La Guardia Nacional dio inicio con los operativos de revisión en el Aeropuerto Internacional de la Ciudad de México (AICM) para impedir que taxis de aplicación recojan pasaje dentro de las terminales, derivado al acuerdo llegado con los taxistas de sitio en el lugar.
Hasta ahora, las autoridades han sido tolerantes, puesto que solo se llevaban a cabo las amonestaciones verbales.
El operativo en conjunto con las obras que realizan en la Terminal Aerea ha abonado al caos de la zona.
El tema se hizo famoso rápidamente hasta llegar a Palacio Nacional, en donde la presidenta Claudia Sheinbaum aclaró que los taxis de sitio pagan un derecho por permanecer en el lugar, en cambio, las plataformas de transporte ahorran este pago.
Además, dio a conocer que se les asignará un espacio especifico a los transportistas por aplicaciones para que puedan tener seguridad y los usuarios la comodidad que buscan al llegar a la capital. De esta forma, ambos tienen acceso al pasaje.
Ante este panorama, hay conductores de plataforma que temen acercarse a la terminales, puesto que además, se exponen a la violencia por parte de los taxis del sitio.
Pero ¿Por qué no solo tomar el taxi del AICM y dejar de pedir Uber? La clave esta en el costo, ya que los taxis amarillos son, por lo general, maneja costos a partir de los doscientos pesos a los quinientos. Sin embargo, para los taxis de este sitio tienen mucho tiempo manejando estos costos, a lo que nos preguntamos ¿Por qué no bajan las tarifas y tener una sana competencia con los taxis de App?
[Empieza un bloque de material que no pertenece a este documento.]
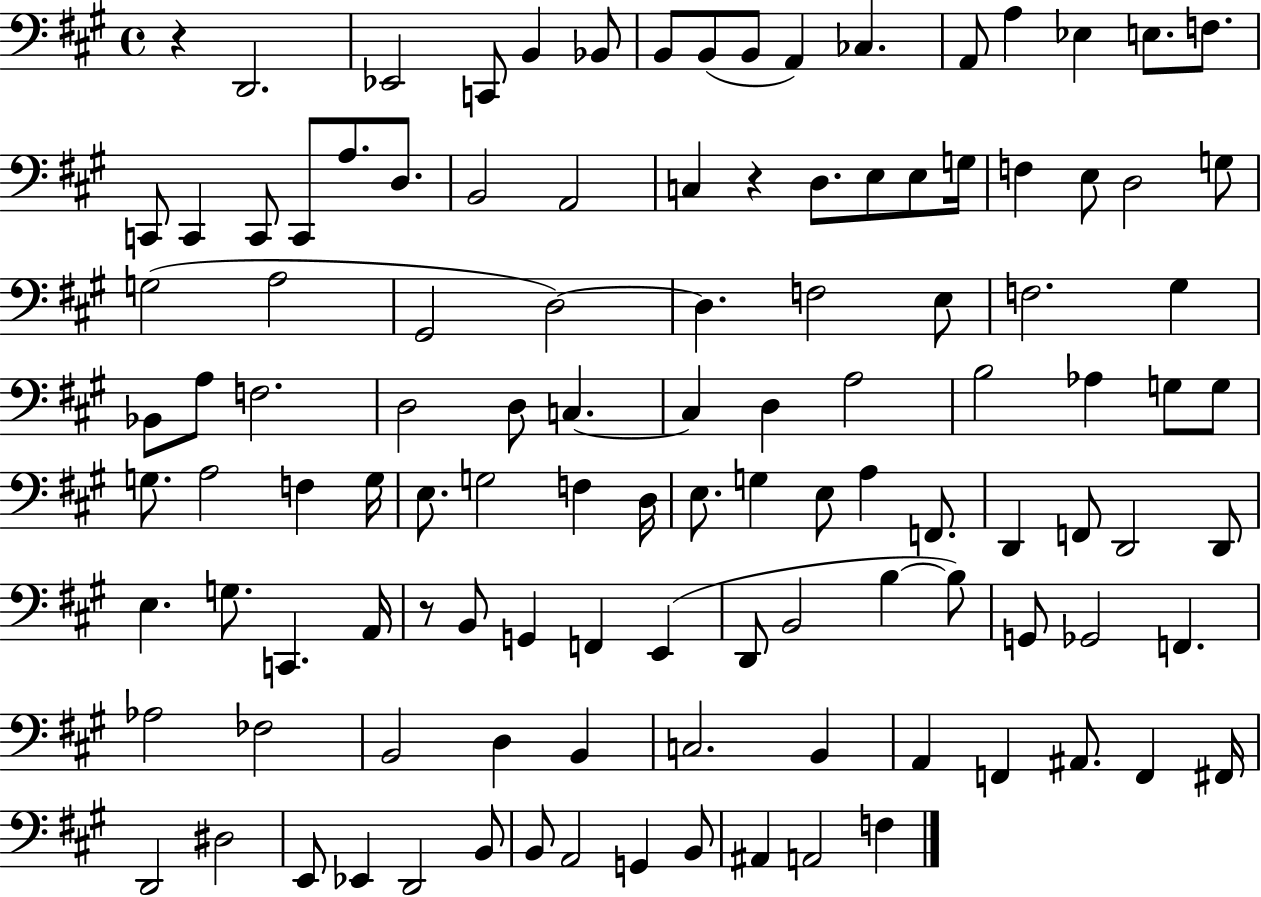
{
  \clef bass
  \time 4/4
  \defaultTimeSignature
  \key a \major
  \repeat volta 2 { r4 d,2. | ees,2 c,8 b,4 bes,8 | b,8 b,8( b,8 a,4) ces4. | a,8 a4 ees4 e8. f8. | \break c,8 c,4 c,8 c,8 a8. d8. | b,2 a,2 | c4 r4 d8. e8 e8 g16 | f4 e8 d2 g8 | \break g2( a2 | gis,2 d2~~) | d4. f2 e8 | f2. gis4 | \break bes,8 a8 f2. | d2 d8 c4.~~ | c4 d4 a2 | b2 aes4 g8 g8 | \break g8. a2 f4 g16 | e8. g2 f4 d16 | e8. g4 e8 a4 f,8. | d,4 f,8 d,2 d,8 | \break e4. g8. c,4. a,16 | r8 b,8 g,4 f,4 e,4( | d,8 b,2 b4~~ b8) | g,8 ges,2 f,4. | \break aes2 fes2 | b,2 d4 b,4 | c2. b,4 | a,4 f,4 ais,8. f,4 fis,16 | \break d,2 dis2 | e,8 ees,4 d,2 b,8 | b,8 a,2 g,4 b,8 | ais,4 a,2 f4 | \break } \bar "|."
}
Recordemos que ellos pagan por un espacio, además de que es el sustento de vida y el de sus familias de la mayoría, esto, sin contar que el coche requiere en muchas ocasiones, de arreglos y composturas o simplemente de gasolina que le permita la movilidad.
A menos de cien días del Mundial, la zona del Aeropuerto de la capital del país se ve abrumada por obras a marchas forzadas. El estacionamiento del área nacional se encuentra cerrado y a esto se suma el operativo contra las plataformas de transporte privado digital.